By Julie Douglas and Jeanne Bernick

Spring Pork Price Recovery Threatened

Spring Pork

Live-hog and futures prices fell in recent weeks as gas prices soared, budgets threatened to furlough meat inspectors and global markets reduced exports, says Chris Hurt, Purdue University Extension ag economist.

Economists and producers had been hopeful that U.S. prices would return to at least break-even this spring, but a $9-per-hundredweight drop in live-hog prices and a $7.50-per-hundredweight drop in futures prices since February has dampered some of the optimism.

"The current outlook suggests the industry will have to wait until late summer for break-even conditions when feed prices can decline if more normal corn and soybean crops develop," Hurt says. "With the more cautious tone, hog prices are expected to only average about $66 in the second quarter, with costs of production near $70 per live hundredweight."

Price weakness comes from demand concerns, Hurt says. The first of those concerns is the weakened buying power of U.S. consumers.

Unusually high gasoline prices for this time of year and increased payroll taxes since Jan. 1 have reduced the buying power of American consumers.

Second, Hurt says the potential reduction in federal meat inspectors as a result of automatic spending cuts mandated by sequestration could mean animal-processing plants would operate fewer days of the year. If plants shut down some days, they wouldn’t buy hogs, thus weakening hog prices.

The biggest problem has been with pork exports, which account for 23% of total U.S. pork production. In February, Russia banned imports of U.S. pork because of ractopamine concerns.
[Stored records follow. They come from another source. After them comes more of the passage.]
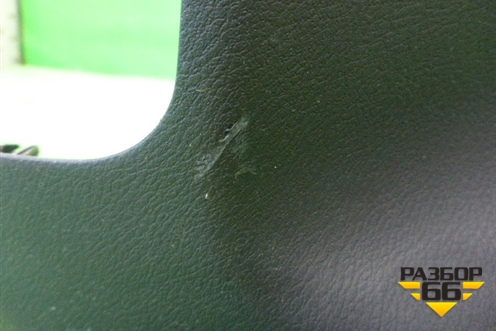 Накладка порога внутренняя заднего левого (84261SWAA) для Honda CR-V(RE) с 2006-2012г (ЦРВ СРВ)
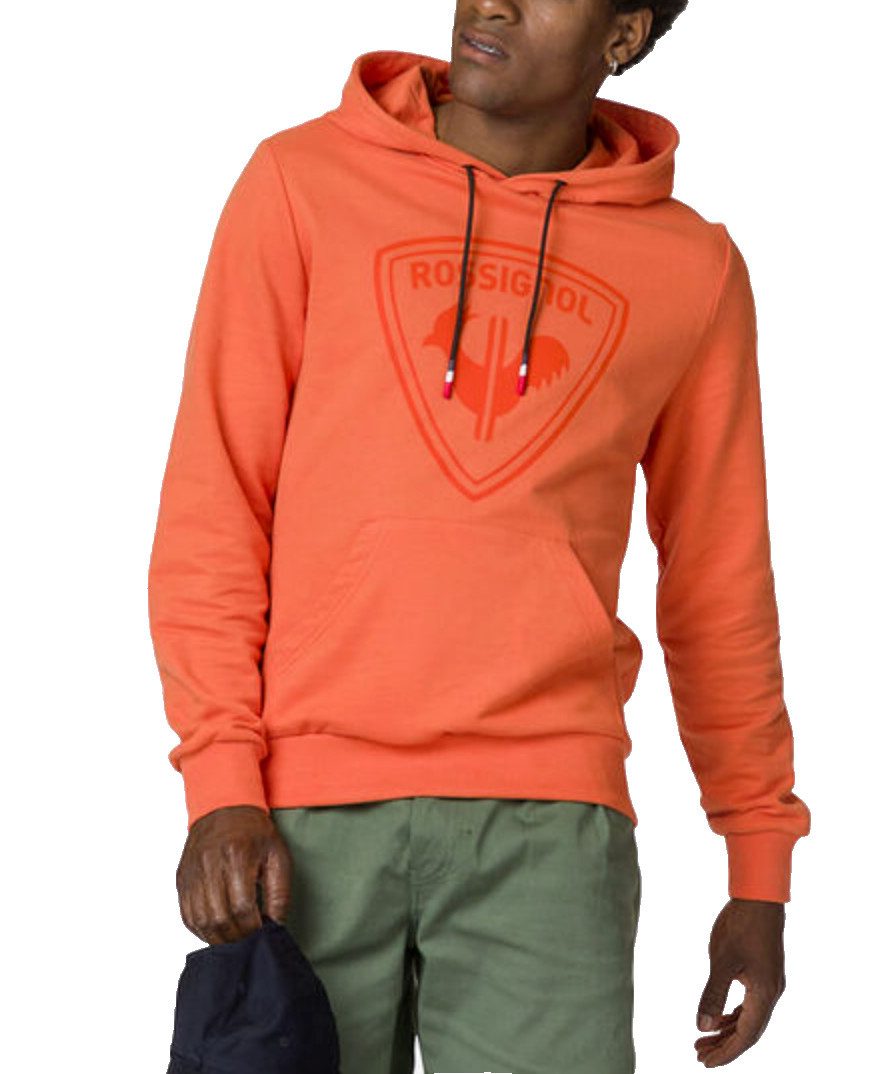 Rossignol Sweatshirt ROSSIGNOL Comfy Hoodie Sweatshirt Pullover Kapuzenpullover Jumper Swea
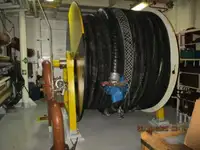 Kapal pendingin untuk dijual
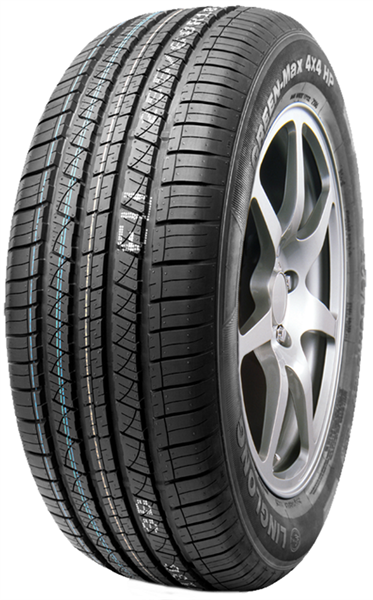 215/70R16 100H Linglong GREEN Max 4x4 HP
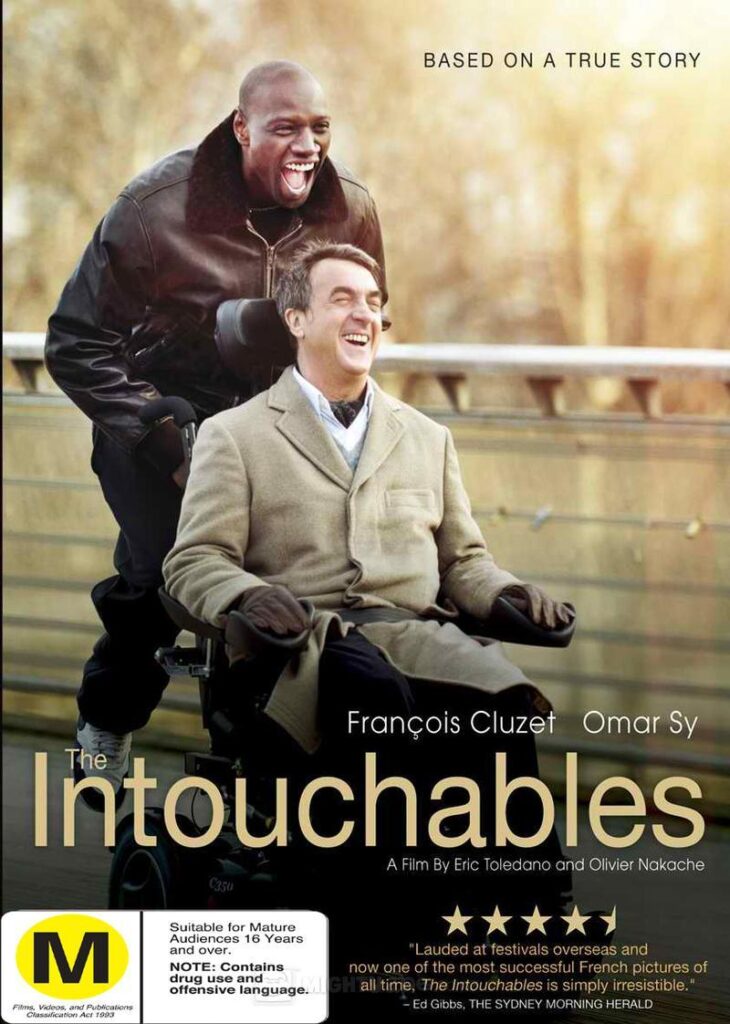 Px Intouchables KB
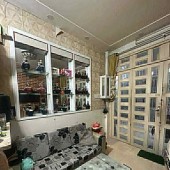 BÁN NHÀ QUANG TRUNG GÒ VẤP - 20M2 - 2 TĂNG BTCT - GIÁ 2.9 TỶ THƯƠNG LƯỢNG, Quang Trung, Phường 10, Gò Vấp.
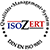 ISO-Zert-Logo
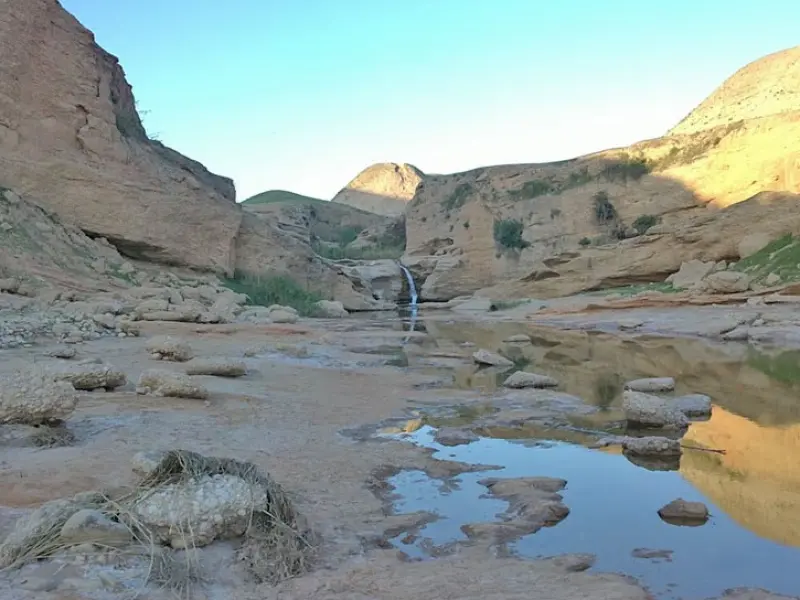 آبشار شورباریک - تصویر 2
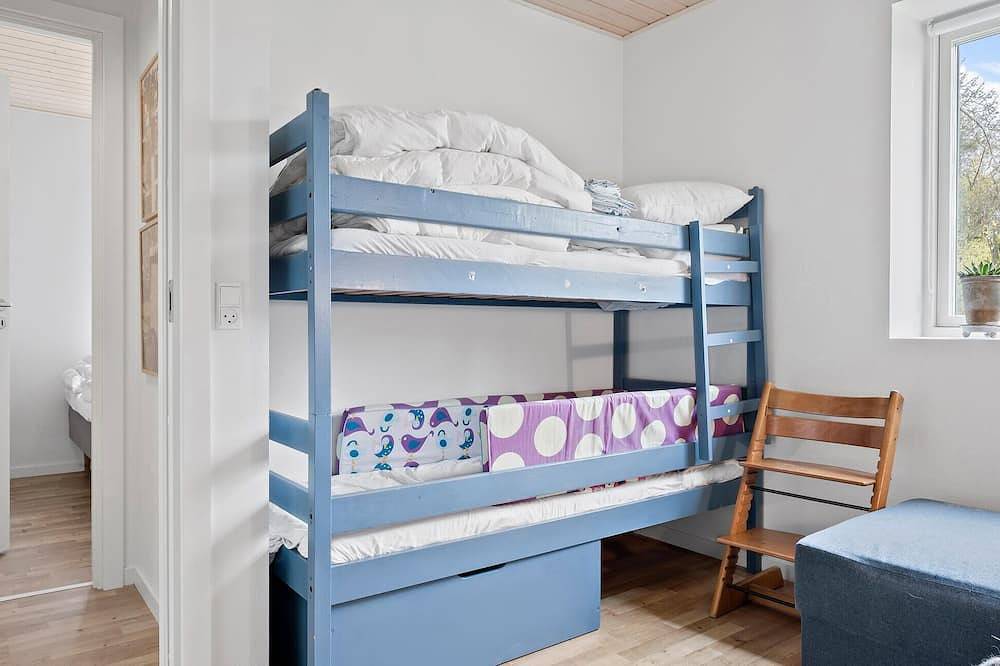Schönes Haus in Vorbasse mit Küche in Billund und Umgebung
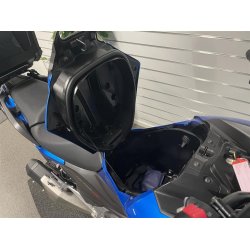 Honda NC750XD ABS 2019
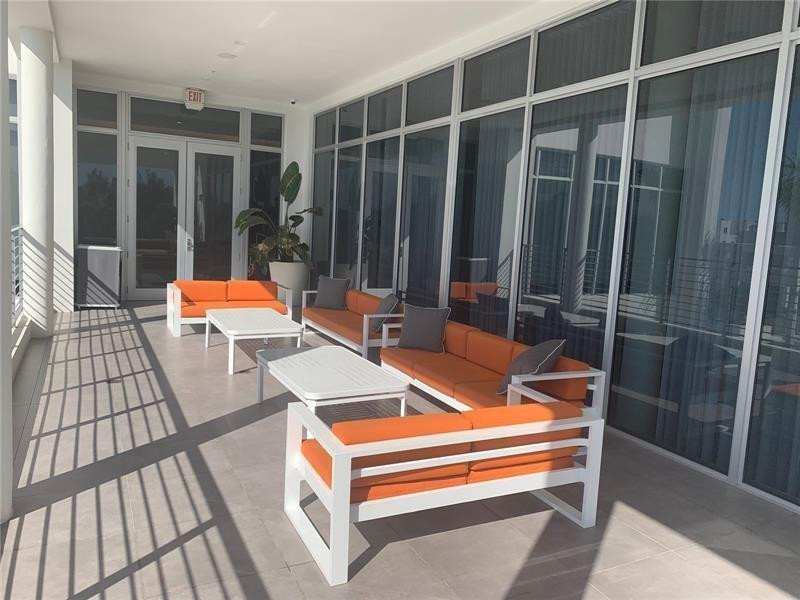 Landmark - Residential Lease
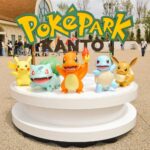 Realize Your Dream! The Ultimate PokéPark Kanto Guide for Trainers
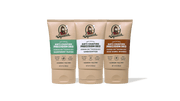 Dry Lotion 3-Pack - Outdoor Travel Choice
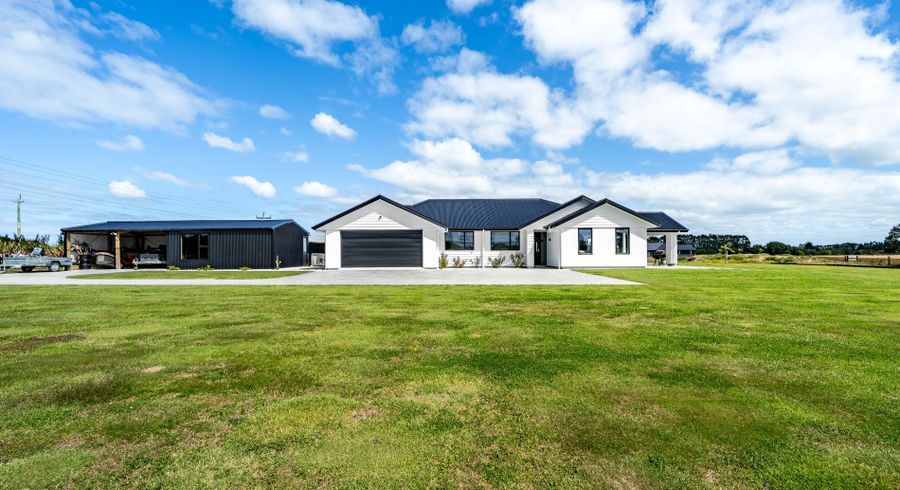  at 41 Counsell Road, Makarewa, Invercargill, Southland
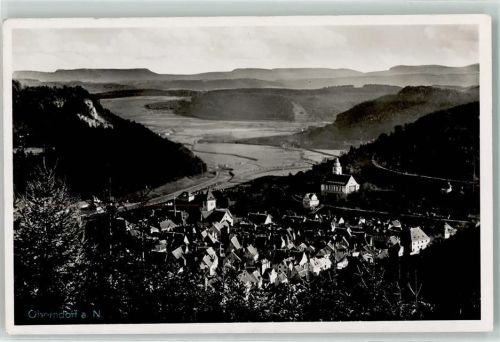 Oberndorf WK II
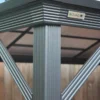 Sojag Pavillon Verona 10x14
Then China announced they were going to more closely check imports of U.S. pork for  ractopamine. Last year, China’s pork purchases from the U.S. represented 3.4% of total U.S. production.

In addition to loss of Russian and Chinese markets, the value of the Japanese yen has fallen by 12% so far this year and by 16% since October. The decline means U.S. pork prices are higher in Japan by similar percentages. Japan bought 6% of the U.S. pork production volume in 2012, making the country the largest U.S. pork buyer.

The market problems have created a less-then-welcome outlook for hog producers.

Soybean Stock Levels Push Prices Higher

Smaller soybean stocks are setting the price for the 2012/13 marketing year. The 2012 soybean crop was 79 million bushels smaller than the 2011 crop, meaning the current marketing year supply is 121 million bushels (3.6%) smaller than the previous year.

Consumption of U.S. soybeans during the first quarter of the marketing year, however, was record large and the pace of consumption remained high during much of the second quarter, says Darrell Good, University of Illinois economist.

Watch South America. The rapid pace of consumption reflects continued strong export demand for soybeans and soybean products and the drought reduced South American harvest in 2012. The market was willing to let consumption proceed at such a rapid pace in anticipation of a seasonal slowdown in export demand during the last half of the marketing year when South American supplies become more abundant.

"With prospects of a sharp rebound in South American production to a record level in 2013, it has been anticipated that the slowdown in consumption of U.S. soybeans would be sharper than normal this year and that yearending stocks would be maintained at pipeline levels," Good explains.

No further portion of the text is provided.